During the following days, a progression of fatigue and decline were observed in the patient with further weakening of muscles. The patient became unable to hold out her arms and a gradual progression of respiratory insufficiency ensued. On day 6 of hospitalization, the patient was intubated with full artificial ventilation. On the 9th day of hospitalization, we received laboratory results with an anti-GQ1b level of 419% and no antibodies to other gangliosides were detected.
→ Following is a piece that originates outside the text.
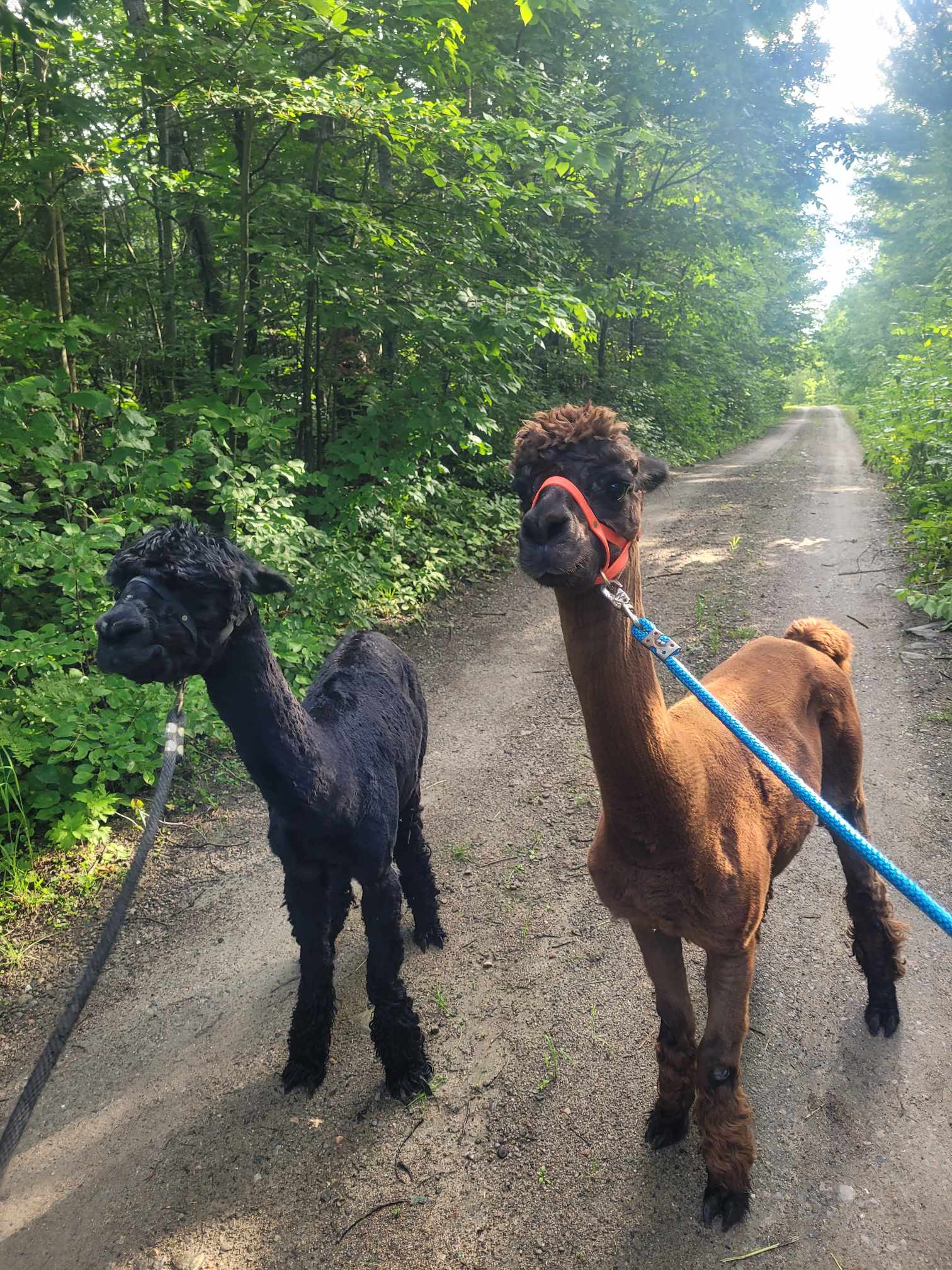Alpacas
To improve mobility, weaning with intermittent connection to a humidifier began from February 20 and artificial ventilation was stopped on the following day. After two days, food intake per os began. On February 24, an EMG checkup examination was performed revealing lower CMAP amplitudes, a non-elicitable H-reflex, normal blink reflex and a normal brainstem auditory evoked potential (BAEP). An MRI of the brain showed no evidence of a new lesion in the trunk, cerebellum, or corpus callosum (Fig. 2, 3). On March 2, the patient was already alert, lifting and holding her head up and swallowing slowly but safely. The convergence of the eyeballs and the movement of the left eyeball upwards and sideways with the manifestation of diplopia was slightly restricted while walking was already possible with the help of two trekking sticks. A vibratory sensation was not present in the limbs but was adequate in the trunk with a measure of –6/8. A checkup EMG on March 23 showed no evidence of denervation syndrome in the lower extremities.
Discussion
The presence of anti-GQ1b antibodies may explain the complex symptomatology of our patient – GBS and BBE. GQ1b antibodies are expressed in nodal/paranodal region and the neuromuscular junction of the oculomotor nerves, muscle spindle efferents, peripheral nerves and brainstem reticular formation. The neurological effects of anti-GQ1b antibodies are induced by complement-mediated destruction of both perisynaptic Schwann cells and axonal terminals resulting in neuromuscular junction blockade and ultimately muscle weakness [2]. Axonal GBS and MFS are thought to represent acute autoimmune nodopathies with pathogenic mechanism antiganglioside mediated dysfunction of Nav channels clusters at the Ranvier node and by an electrophysiological continuum from conduction failure, reversible in few weeks, to axonal degeneration [1]. Our patient was admitted for quickly developed bilateral ophthalmoplegia, ataxia, with weakness and paresthesia of extremities, weakness of neck flexors and with drowsiness, hyperreflexia, and extensor response of plantar reflex. After Immunoglobulin therapy and artificial ventilation with tracheostomy the improvement of clinical finding began after 14 days. After 25 days the patient began to walk with crutches.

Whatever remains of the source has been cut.